On Friday, Goodwin ventured out and visited Princeton businesses, nonprofits, senior apartments, and churches in hopes of securing RSVP stations and volunteers.
The clients will work at stations that include libraries, book stores, clothing stores and churches among others.
In a statement, Goodwin said, “The Retired and Senior Volunteer Program provides the stimulus for adults age 55 and over to use their life experience and skills to answer the call of their neighbors in need. RSVP volunteers help make a difference in their communities.”
RSVP is unique because volunteers are reimbursed for travel expenses, and they’re covered by PACS insurance.
The program extends beyond peers and the elderly community.
According to a PACS statement, “PACS coordinates and collaborates with community organizations such as RSVP to aid in the provision of activities and programs that concentrate on the prevention of crime among the youth.”
RSVP volunteers engage with teenagers and children through Take A Kid Fishing Day, International Festival, and NatureFest. This relationship-building nexus encourages the youth and promotes trust and social skills, according to PACS.
PACS officials said “a sense of worth is reinforced” by volunteering for and with community members.
Considering quarantines, and pandemic-related distress, socializing and communicating are natural mechanisms that renew and restore the human spirit.
In a Centers for Medicaid and Medicare Services statement, Dr. Lee Fleisher said, “CMS recognizes the psychological, emotional and physical toll that prolonged isolation and separation from family have taken on nursing home residents and their families.”
Kelly Coleman is the director at the center in Princeton. She said a bible study will be added to programming once normal operations resume.
Southside Baptist Church is sponsoring the activity hour from 10 to 11:30 a.m. on Tuesdays.
Coleman said the curbside meal pick-up program will run through July, but she isn’t certain if it will continue into August.

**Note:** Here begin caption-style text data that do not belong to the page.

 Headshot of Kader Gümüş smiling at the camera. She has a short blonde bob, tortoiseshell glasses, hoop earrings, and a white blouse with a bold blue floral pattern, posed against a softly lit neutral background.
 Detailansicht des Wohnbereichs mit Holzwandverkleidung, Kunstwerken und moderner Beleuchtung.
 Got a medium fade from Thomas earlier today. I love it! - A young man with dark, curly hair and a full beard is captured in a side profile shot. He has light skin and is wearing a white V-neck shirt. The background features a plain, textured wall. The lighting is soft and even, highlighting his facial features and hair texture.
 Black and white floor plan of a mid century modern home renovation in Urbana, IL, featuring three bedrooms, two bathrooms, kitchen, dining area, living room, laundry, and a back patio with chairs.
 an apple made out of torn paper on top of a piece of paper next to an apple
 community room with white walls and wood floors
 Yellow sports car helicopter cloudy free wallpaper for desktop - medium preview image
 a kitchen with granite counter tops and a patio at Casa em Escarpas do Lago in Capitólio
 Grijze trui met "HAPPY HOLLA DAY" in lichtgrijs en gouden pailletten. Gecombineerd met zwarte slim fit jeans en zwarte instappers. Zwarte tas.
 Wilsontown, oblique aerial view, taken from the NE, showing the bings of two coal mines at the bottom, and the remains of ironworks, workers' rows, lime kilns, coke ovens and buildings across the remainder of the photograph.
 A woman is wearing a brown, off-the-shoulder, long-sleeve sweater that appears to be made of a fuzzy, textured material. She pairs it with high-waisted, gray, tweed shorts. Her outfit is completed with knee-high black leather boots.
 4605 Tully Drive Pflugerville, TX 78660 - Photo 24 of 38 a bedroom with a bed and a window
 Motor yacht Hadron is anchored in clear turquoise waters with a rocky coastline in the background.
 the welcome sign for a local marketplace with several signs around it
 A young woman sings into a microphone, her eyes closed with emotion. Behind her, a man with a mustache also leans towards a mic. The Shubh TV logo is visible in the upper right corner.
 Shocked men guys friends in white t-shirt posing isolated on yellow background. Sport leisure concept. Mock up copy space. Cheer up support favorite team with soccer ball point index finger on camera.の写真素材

She said she is delighted to have clients and volunteers back in the building, although she is wary of their return.
“There’s a lot of seniors that are still scared to get out and be around people,” she said.
Vaccinations are steady but still lag behind urban area vaccination rates.
Coleman does not plan to bring in and hire additional staff for the reopening—she still welcomes volunteers.
During the first week of July, Goodwin and Coleman will have a table set up for RSVP registration and information.